1

I need to accomplish a wrangling task with tidyr/dplyr as part of a %>% pipe. That is, without assigning data to helper objects. I have the following trb tibble as a given:

library(tibble)

trb <-
  tribble(~name,     ~type,    ~dat,
        "john",    "cat",    mtcars,
        "john",    "spider", Puromycin,
        "amanda",  "dog",    ToothGrowth,
        "chris",   "wolf",   PlantGrowth,
        "annie",   "lion",   women,
        "richard", "frog",   trees,
        "liz",     "horse",  USArrests,
        "raul",    "snake",  iris,
        "kate" ,   "bear",   quakes) 

and I want to do a 2-step wrangling (not necessarily in the following order):

  1. lump together john's dat data frames into a named list (in which names will come from type); and
  2. shift john's information to leftmost while nesting the data of the others.

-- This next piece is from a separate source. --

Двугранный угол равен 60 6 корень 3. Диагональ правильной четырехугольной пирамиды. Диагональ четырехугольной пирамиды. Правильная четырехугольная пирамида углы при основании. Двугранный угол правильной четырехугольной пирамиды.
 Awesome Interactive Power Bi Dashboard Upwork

The desired output should therefore be:

desired_output <-
  tribble(~dat_john,                                  ~other_people,
          list("cat" = mtcars, "spider" = Puromycin), trb %>% dplyr::filter(name != "john")
        )

As noted above, it's important to me to get from trb to desired_output using %>% only. Any ideas?

Jon Spring
  • 55,165
  • 4
  • 35
  • 53
Emman
  • 3,695
  • 2
  • 20
  • 44
  • So you want a list in the first column `dat_john` but a tibble in the other column? I'm unclear on what you're looking for to generate the result in a more direct way than your code already does. – Jon Spring Jan 11 '22 at 22:36
  • So to clarify/confirm, you want to get a different data type for the two columns: a list of named tibbles on the left, and a nested tibble on the right? – Jon Spring Jan 12 '22 at 08:20
  • @JonSpring, yes, correct. exactly like `desired_output`. – Emman Jan 12 '22 at 08:23

2 Answers2

2

Maybe something like this? It first categorizes the data as john or not, then nests all the data for each category into one list, then pivots those two categories wide.

library(tidyr); library(dplyr)
trb %>%
  mutate(column = if_else(name == "john", "dat_john", "other people")) %>%
  nest(-column) %>%
  pivot_wider(names_from = column, values_from = data) %>%
  # from @ekoam's answer, to convert this column to named list
  mutate(dat_john = with(dat_john[[1L]], list(setNames(dat, type))))
Jon Spring
  • 55,165
  • 4
  • 35
  • 53
1

It is possible to achieve what you want via a sequence of pipelines. But I am not sure why you want to do this. Note that you need to manually assign "john" as the first level and rearrange the dataframe. Otherwise, if "john" is not the first entry, you won't get him to the leftmost after pivot_wider.

library(dplyr)
library(tidyr)

trb %>% 
  group_by(id = factor(name != "john", labels = c("dat_john", "other_people"))) %>% 
  arrange(id) %>% # use factor and arrange to ensure that john is always the first level
  nest(data = -id) %>% 
  pivot_wider(names_from = id, values_from = data) %>% 
  mutate(dat_john = with(dat_john[[1L]], list(setNames(dat, type))))

Output

# A tibble: 1 x 2
  dat_john         other_people    
  <list>           <list>          
1 <named list [2]> <tibble [7 x 3]>
ekoam
  • 8,744
  • 1
  • 9
  • 22